Le rapport recommande la poursuite du dépistage ciblé actuel en fonction des facteurs de risque de contamination mais en renforçant l’information à la population et aux médecins généralistes (dans le cadre du contrat d’objectifs). Il préconise aussi d’élargir le dépistage aux hommes âgés de 18 à 60 ans (au moins une fois dans leur vie) et aux femmes enceintes dès la première consultation prénatale (au lieu du 6e mois), en couplant le dépistage du VHB et du VHC à celui du VIH.
Pour mieux atteindre les personnes ne fréquentant pas ou peu les structures de soins classiques, un recours aux tests d’orientation diagnostique (TROD) du VHB et du VHC est recommandé. « Les TROD VHC ont été validés par la Haute Autorité de santé, il y a 3 jours », annonce le Pr Dhumeaux qui salue l’avancée en ce domaine (l’autorisation pour les TROD VHB est en cours - en précisant qu’ils n’ont pas vocation à « être utilisé en routine par le médecin généraliste » mais bien d’un outil supplémentaire comme dans le cas du VIH avec comme corollaire l’intervention et la formation d’intervenants non médicaux.

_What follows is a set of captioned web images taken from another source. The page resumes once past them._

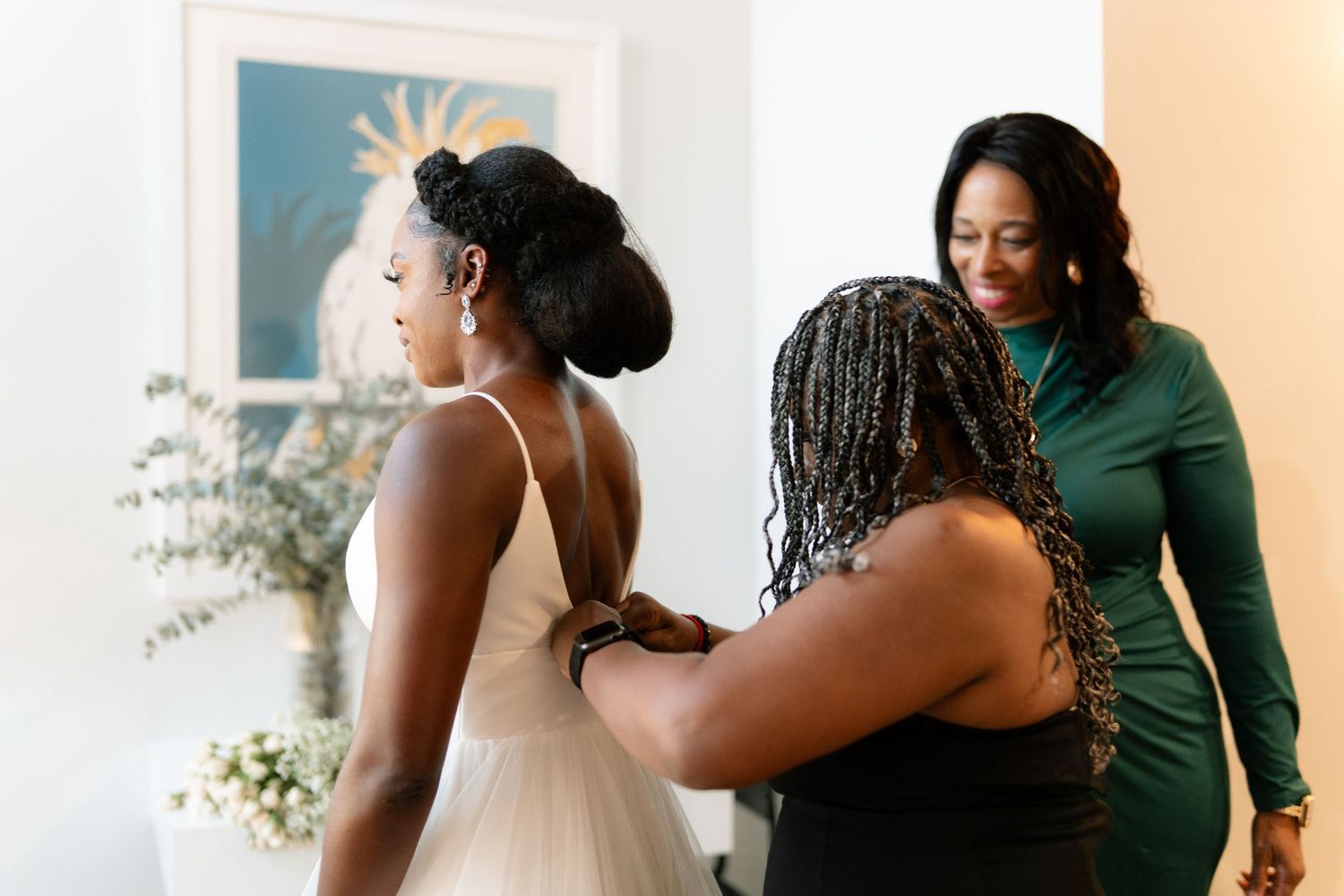 Wedding dress preparation scene with attendants helping with final adjustments.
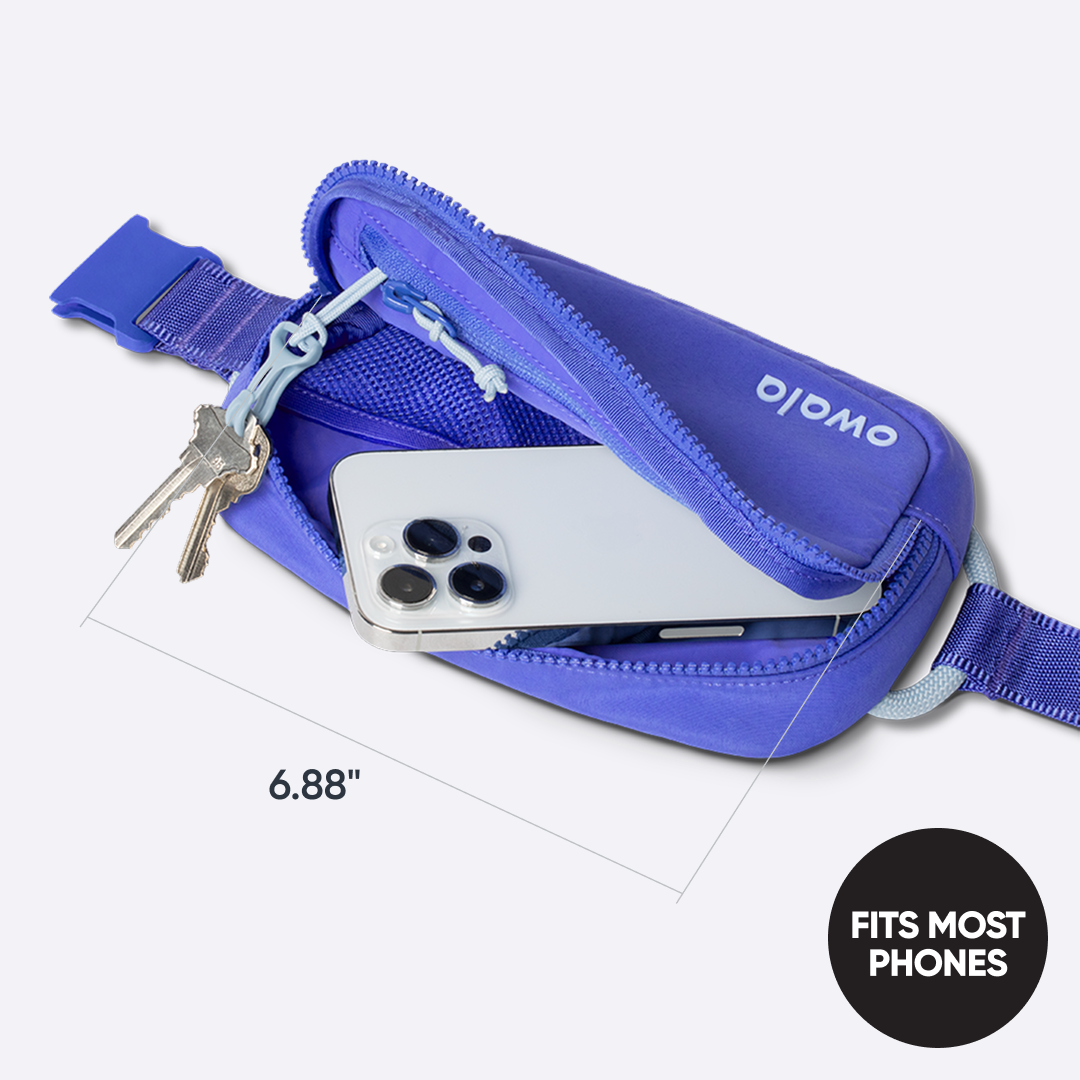 Owala Daily Crossbody in Al Fresco, peach belt bag shown open with a smartphone and keys inside, dimensioned at 6.88 inches wide, with badge reading "FITS MOST PHONES"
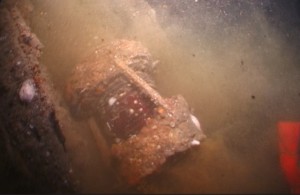 Screen shot from a 2018 dive video of HMCS TRENTONIAN's port navigation lamp, lying on the wreck.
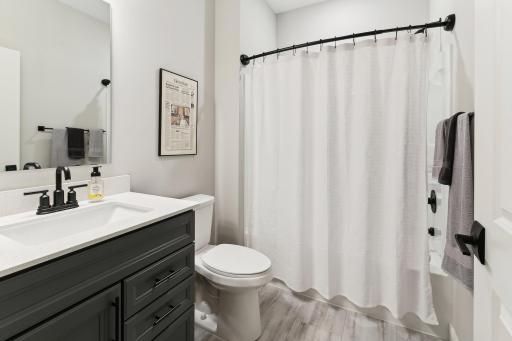 Full bath that comes off the foyer and is adjacent to the second bedroom. Perfect for everyday + overnight guests.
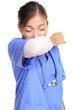 Sneezing woman medical nurse doing elbow sneeze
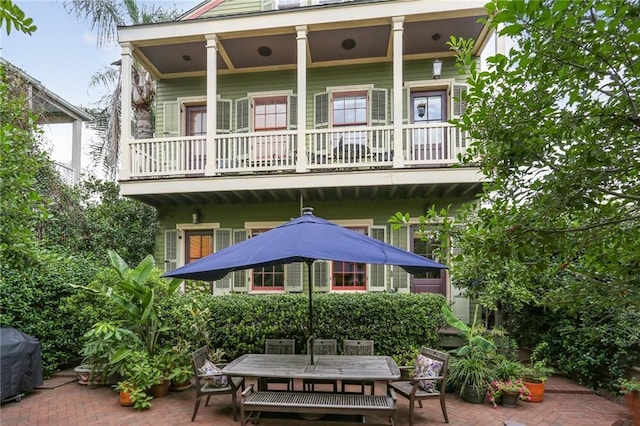 back of house with a patio area and a balcony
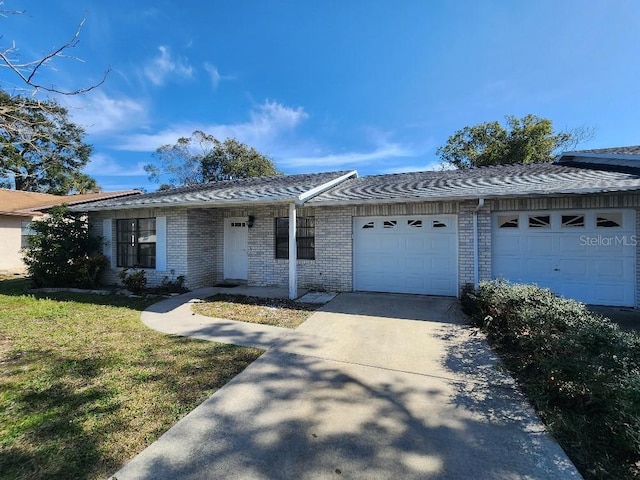 ranch-style home with a garage and a front yard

Traiter en priorité les patients ayant une fibrose significative
Le point d’orgue de ces recommandations et celui sans doute qui fera débat, reste la prise en charge thérapeutique. Dans le cas de l’hépatite B, même s’il n’est pas question de guérison, les progrès permettent aujourd’hui de mieux contrôler l’infection. En revanche, les avancées dans le traitement des hépatites C sont considérables. « Les nouvelles combinaisons de molécules à activité antivirale directe, per os, permettent de s’affranchir de l’interféron avec une efficacité très élevée quel que soit le type de patients avec cirrhose ou sans, co-infecté ou non par le VIH », souligne le Pr Dhumeaux. Le tout avec des durées de traitement courtes : 3 mois.
Le hic : « Le coût exorbitant de ces traitements », déplore le Pr Dhumeaux. Des coûts si élevés que les experts ont renoncé, au vu des études coût-efficacité à l’objectif, qui à terme « pourrait être de traiter l’ensemble de personnes atteintes d’hépatite C, en visant l’éradication virale ». Le rapport suggère de traiter en priorité les patients ayant au moins une fibrose significative (stade de fibrose supérieur ou égal à F2 évalué par une biopsie du foie ou beaucoup plus souvent maintenant par des tests non invasifs) et, quel que soit le stade de fibrose, les patients ayant des manifestations extra-hépatiques ou en attente de transplantation, les femmes ayant un désir de grossesse, les usagers de drogues et les personnes détenues.
Le paradoxe du médecin
Les coûts sont encore en phase d’arbitrage serait en moyenne de 50 000 euros par patient (cure de 3 mois pour une seule molécule) et jusqu’à 80 000 pour une combinaison de molécules. « Le paradoxe pour nous médecins est de disposer aujourd’hui des traitements dont on avait rêvé : une ou deux molécules administrées pendant peu de temps permettent d’éradiquer le virus et de ne pas pouvoir les proposer à tous les patients », regrette le Pr Jean-François Delfraissy.
S’il conçoit que les fonds investis dans la recherche par l’industrie pharmaceutique puissent être rentabilisés, le directeur de l’ANRS veut pousser la réflexion plus avant : « Peut-être est-ce l’occasion de s’interroger sur le juste prix des médicaments ».